La mère de Salah Hamouri, en 2011 à Jérusalem. / AHMAD GHARABLI / AFP

Le Franco-Palestinien Salah Hamouri, qui devait sortir de sa prison du Néguev, dans le sud d’Israël, le 28 février, demeurera pour l’heure derrière les barreaux. Une demande de prolongement de sa détention administrative de quatre mois, signée du ministre de la défense israélien, Avigdor Lieberman, devait être examinée par un juge de district de Jérusalem, jeudi 1er mars.

A l’ouverture de la session, Salah Hamouri a cependant avisé le juge qu’il entendait « boycotter le tribunal », pour dénoncer sa détention « illégale », et qu’il refusait ainsi d’être défendu par son avocat, Mahmoud Hassan. L’audience, une simple formalité, a été reportée au lundi 5 mars, mais son issue ne fait guère de doute : la détention de M. Hamouri devrait être effectivement prolongée.

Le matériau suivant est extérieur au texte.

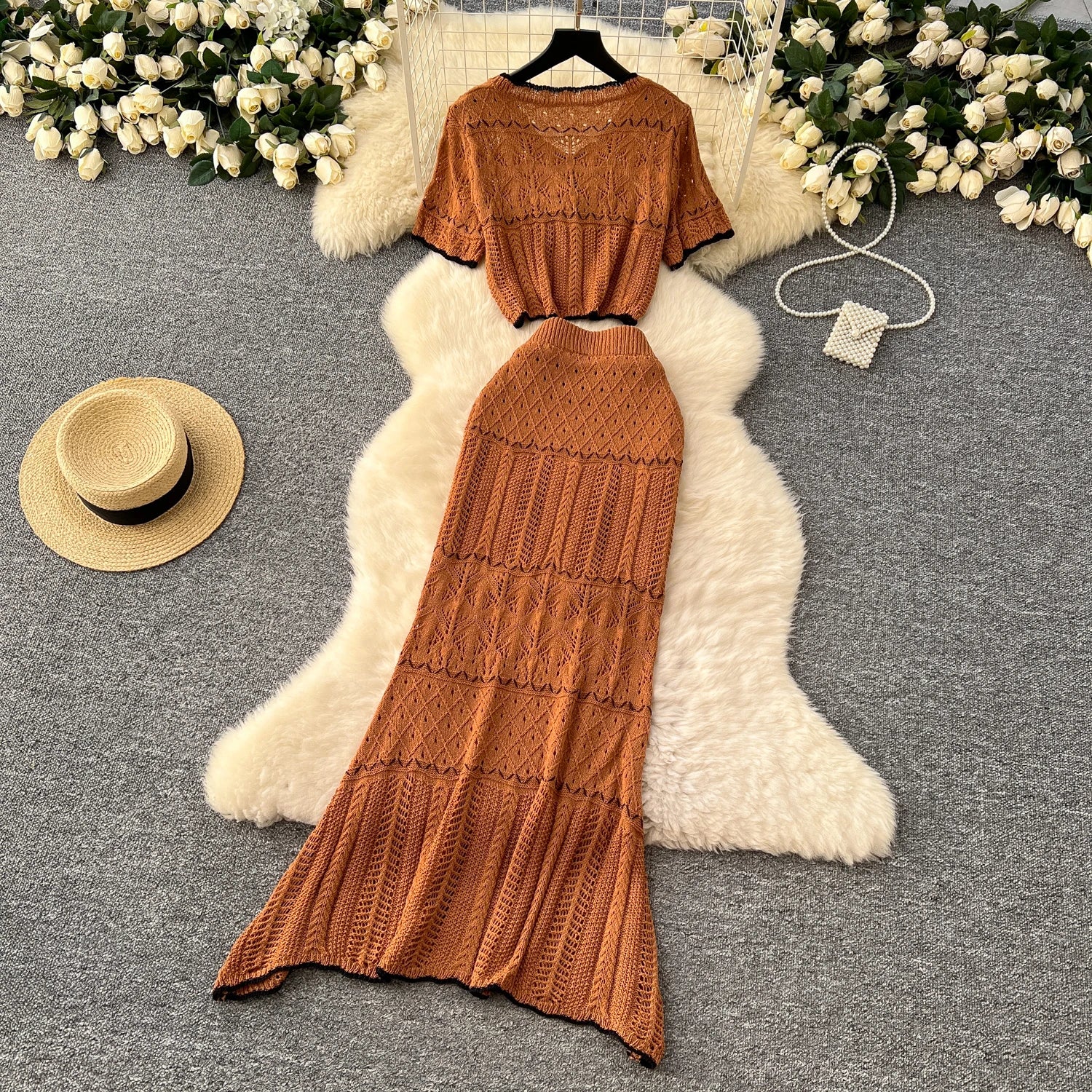 Short Sleeve O Neck Tops+Bodycon Skirt Hook Flower Hollow Two pcs Set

M. Hamouri, né de mère française et de père palestinien, avait été arrêté le 23 août 2017 à son domicile de Jérusalem-Est par les forces de l’ordre israéliennes. Incarcéré sans inculpation ni réel procès, il a passé la majeure partie de sa peine de six mois dans sa prison Néguev. Sous détention administrative, sa peine peut être renouvelée indéfiniment.

« Activités dangereuses »

Ayant fréquemment recours à ce type d’incarcération, qu’autorise une loi héritée du mandat britannique, Israël invoque des raisons de sécurité pour garder secrètes les possibles informations retenues contre les accusés, qui sont presque toujours palestiniens. Selon l’avocat de Salah Hamouri, qui n’a pas accès au dossier de son client, les autorités israéliennes soupçonnent le jeune homme d’être impliqué dans « des activités en Cisjordanie » jugées « dangereuses pour la sécurité de la région ».

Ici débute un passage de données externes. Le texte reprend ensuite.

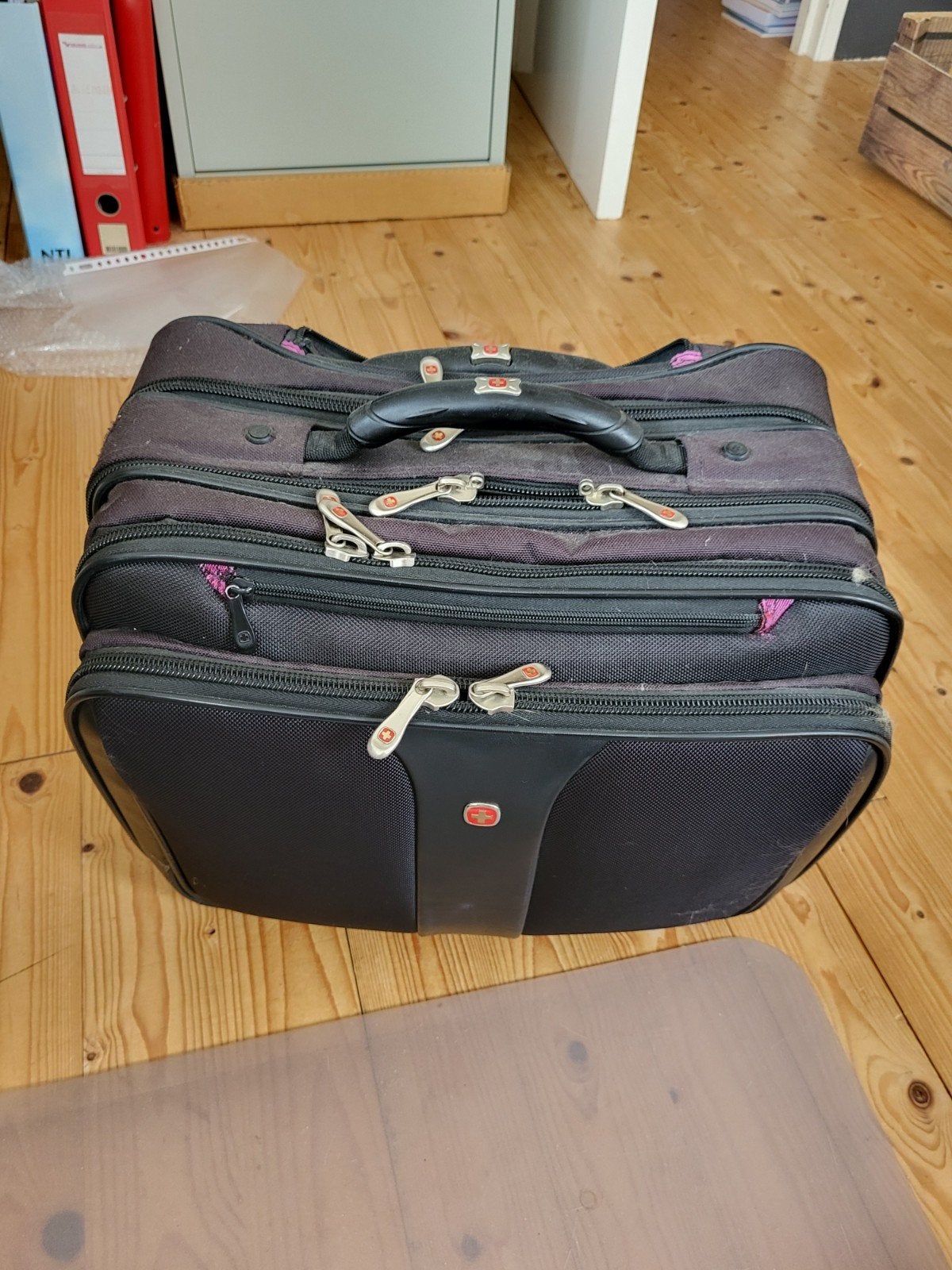 Wenger trolley met 4 vakken, Ophalen, Gebruikt, Wieltjes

Salah Hamouri avait déjà passé trois ans en détention administrative, entre 2005 et 2008, avant d’être condamné par un tribunal militaire israélien pour « complot et appartenance aux jeunesses du Front populaire de libération de la Palestine [FPLP] », un groupuscule palestinien de gauche, qu’Israël considère comme une organisation terroriste. Il avait alors accepté de plaider coupable pour réduire de moitié sa peine, de quatorze à sept ans. Finalement, il avait été libéré en décembre 2011, avec un millier d’autres prisonniers palestiniens, en échange du soldat franco-israélien Gilad Shalit, capturé en 2006 par un commando palestinien au sud de la bande de Gaza.

Le jeune Hamouri a cependant toujours clamé son innocence. A sa sortie de prison, après avoir repris ses études de droit, il était devenu enquêteur de terrain pour l’association Addameer, qui défend les droits des prisonniers palestiniens. Trois jours avant son interpellation en août 2017, il avait passé l’examen du barreau palestinien.

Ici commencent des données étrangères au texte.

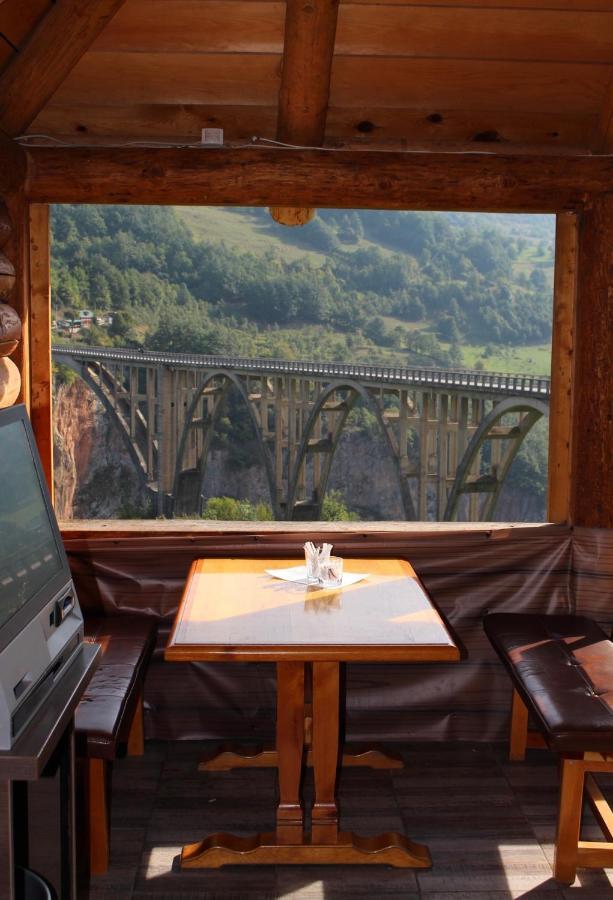 Tara Bridge Castle Hotel Zabljak  Exterior photo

Dans la société palestinienne, son cas n’est pas isolé. Sur les 6 119 Palestiniens enregistrés comme prisonniers politiques en Israël, 450 sont en détention administrative, rapporte Addameer. « Là-bas, Salah est un parmi tous les autres. En revanche, il le seul prisonnier franco-palestinien », rappelle Elsa Lefort, son épouse, interdite d’entrer sur le territoire israélien depuis janvier 2016.

« Israël cherche à le faire partir »

Résidant en France avec leur fils, elle continue de mobiliser la société civile, et d’interpeller les autorités françaises pour que celles-ci obtiennent d’Israël la libération de son mari, citoyen français, et revendique leurs droits en matière de regroupement familial.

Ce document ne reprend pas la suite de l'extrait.